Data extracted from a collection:

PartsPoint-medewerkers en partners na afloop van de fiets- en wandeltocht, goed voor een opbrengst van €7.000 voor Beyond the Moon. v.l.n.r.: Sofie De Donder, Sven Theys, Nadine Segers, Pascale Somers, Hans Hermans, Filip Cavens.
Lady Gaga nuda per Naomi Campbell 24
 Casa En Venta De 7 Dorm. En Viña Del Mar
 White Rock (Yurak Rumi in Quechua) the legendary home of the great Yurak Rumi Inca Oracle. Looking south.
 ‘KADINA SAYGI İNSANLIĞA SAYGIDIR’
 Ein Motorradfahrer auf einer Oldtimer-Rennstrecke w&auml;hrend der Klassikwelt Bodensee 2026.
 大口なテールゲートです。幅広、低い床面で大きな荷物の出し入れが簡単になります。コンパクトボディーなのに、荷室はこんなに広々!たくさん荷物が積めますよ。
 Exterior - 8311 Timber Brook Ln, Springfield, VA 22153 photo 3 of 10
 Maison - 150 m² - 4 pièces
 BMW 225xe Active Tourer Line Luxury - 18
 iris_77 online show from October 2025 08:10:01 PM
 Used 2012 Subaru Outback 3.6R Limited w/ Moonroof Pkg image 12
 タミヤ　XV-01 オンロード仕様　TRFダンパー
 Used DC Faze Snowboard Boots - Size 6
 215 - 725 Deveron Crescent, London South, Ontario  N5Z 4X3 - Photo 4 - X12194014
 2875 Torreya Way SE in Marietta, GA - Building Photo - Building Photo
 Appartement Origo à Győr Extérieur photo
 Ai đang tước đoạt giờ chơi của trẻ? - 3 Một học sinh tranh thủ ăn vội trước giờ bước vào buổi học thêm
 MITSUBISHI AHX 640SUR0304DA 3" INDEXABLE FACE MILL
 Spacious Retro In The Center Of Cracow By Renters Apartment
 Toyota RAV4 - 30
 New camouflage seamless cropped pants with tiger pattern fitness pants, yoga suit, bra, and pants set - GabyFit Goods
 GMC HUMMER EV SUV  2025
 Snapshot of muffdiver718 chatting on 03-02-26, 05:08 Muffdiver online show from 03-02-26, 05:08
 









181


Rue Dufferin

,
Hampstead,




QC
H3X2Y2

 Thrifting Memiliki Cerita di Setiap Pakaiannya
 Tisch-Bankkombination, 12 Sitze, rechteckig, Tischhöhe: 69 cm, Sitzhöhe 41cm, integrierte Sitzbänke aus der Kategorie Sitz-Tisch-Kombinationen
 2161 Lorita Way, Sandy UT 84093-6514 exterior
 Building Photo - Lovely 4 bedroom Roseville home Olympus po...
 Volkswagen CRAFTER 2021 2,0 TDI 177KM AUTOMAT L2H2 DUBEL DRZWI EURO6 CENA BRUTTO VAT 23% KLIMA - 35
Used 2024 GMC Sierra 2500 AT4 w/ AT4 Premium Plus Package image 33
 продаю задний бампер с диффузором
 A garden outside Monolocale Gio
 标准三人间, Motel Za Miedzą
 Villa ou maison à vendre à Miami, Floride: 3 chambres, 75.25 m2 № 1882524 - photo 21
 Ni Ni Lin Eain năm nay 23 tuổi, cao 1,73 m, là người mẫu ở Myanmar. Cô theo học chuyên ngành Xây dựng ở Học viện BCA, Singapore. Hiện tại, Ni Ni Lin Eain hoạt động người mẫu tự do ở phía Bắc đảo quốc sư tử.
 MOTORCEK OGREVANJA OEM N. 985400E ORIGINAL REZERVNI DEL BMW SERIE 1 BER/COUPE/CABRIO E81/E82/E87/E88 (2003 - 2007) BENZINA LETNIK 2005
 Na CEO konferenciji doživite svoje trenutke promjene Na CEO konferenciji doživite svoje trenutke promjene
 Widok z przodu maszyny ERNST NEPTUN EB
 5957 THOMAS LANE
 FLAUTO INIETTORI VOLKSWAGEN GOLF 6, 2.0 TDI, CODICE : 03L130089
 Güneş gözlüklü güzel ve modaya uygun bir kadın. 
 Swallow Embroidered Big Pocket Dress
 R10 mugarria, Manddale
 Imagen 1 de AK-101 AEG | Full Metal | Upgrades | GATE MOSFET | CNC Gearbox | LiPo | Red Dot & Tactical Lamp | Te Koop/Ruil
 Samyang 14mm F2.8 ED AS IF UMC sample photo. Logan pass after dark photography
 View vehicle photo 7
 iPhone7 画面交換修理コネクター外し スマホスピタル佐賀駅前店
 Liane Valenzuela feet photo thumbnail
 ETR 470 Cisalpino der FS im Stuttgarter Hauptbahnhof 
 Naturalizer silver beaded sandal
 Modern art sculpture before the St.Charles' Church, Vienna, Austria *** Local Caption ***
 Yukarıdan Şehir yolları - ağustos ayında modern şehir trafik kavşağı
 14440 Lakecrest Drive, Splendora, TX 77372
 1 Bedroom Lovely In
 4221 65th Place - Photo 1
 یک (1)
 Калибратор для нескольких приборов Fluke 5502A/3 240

What is being asked: Using only the entries above, output the line with "Ein Motorradfahrer auf", the line with "Villa ou maison", and all lines between them, exactly as they stand.

Answer section:
 Ein Motorradfahrer auf einer Oldtimer-Rennstrecke w&auml;hrend der Klassikwelt Bodensee 2026.
 大口なテールゲートです。幅広、低い床面で大きな荷物の出し入れが簡単になります。コンパクトボディーなのに、荷室はこんなに広々!たくさん荷物が積めますよ。
 Exterior - 8311 Timber Brook Ln, Springfield, VA 22153 photo 3 of 10
 Maison - 150 m² - 4 pièces
 BMW 225xe Active Tourer Line Luxury - 18
 iris_77 online show from October 2025 08:10:01 PM
 Used 2012 Subaru Outback 3.6R Limited w/ Moonroof Pkg image 12
 タミヤ　XV-01 オンロード仕様　TRFダンパー
 Used DC Faze Snowboard Boots - Size 6
 215 - 725 Deveron Crescent, London South, Ontario  N5Z 4X3 - Photo 4 - X12194014
 2875 Torreya Way SE in Marietta, GA - Building Photo - Building Photo
 Appartement Origo à Győr Extérieur photo
 Ai đang tước đoạt giờ chơi của trẻ? - 3 Một học sinh tranh thủ ăn vội trước giờ bước vào buổi học thêm
 MITSUBISHI AHX 640SUR0304DA 3" INDEXABLE FACE MILL
 Spacious Retro In The Center Of Cracow By Renters Apartment
 Toyota RAV4 - 30
 New camouflage seamless cropped pants with tiger pattern fitness pants, yoga suit, bra, and pants set - GabyFit Goods
 GMC HUMMER EV SUV  2025
 Snapshot of muffdiver718 chatting on 03-02-26, 05:08 Muffdiver online show from 03-02-26, 05:08
 









181


Rue Dufferin

,
Hampstead,




QC
H3X2Y2

 Thrifting Memiliki Cerita di Setiap Pakaiannya
 Tisch-Bankkombination, 12 Sitze, rechteckig, Tischhöhe: 69 cm, Sitzhöhe 41cm, integrierte Sitzbänke aus der Kategorie Sitz-Tisch-Kombinationen
 2161 Lorita Way, Sandy UT 84093-6514 exterior
 Building Photo - Lovely 4 bedroom Roseville home Olympus po...
 Volkswagen CRAFTER 2021 2,0 TDI 177KM AUTOMAT L2H2 DUBEL DRZWI EURO6 CENA BRUTTO VAT 23% KLIMA - 35
Used 2024 GMC Sierra 2500 AT4 w/ AT4 Premium Plus Package image 33
 продаю задний бампер с диффузором
 A garden outside Monolocale Gio
 标准三人间, Motel Za Miedzą
 Villa ou maison à vendre à Miami, Floride: 3 chambres, 75.25 m2 № 1882524 - photo 21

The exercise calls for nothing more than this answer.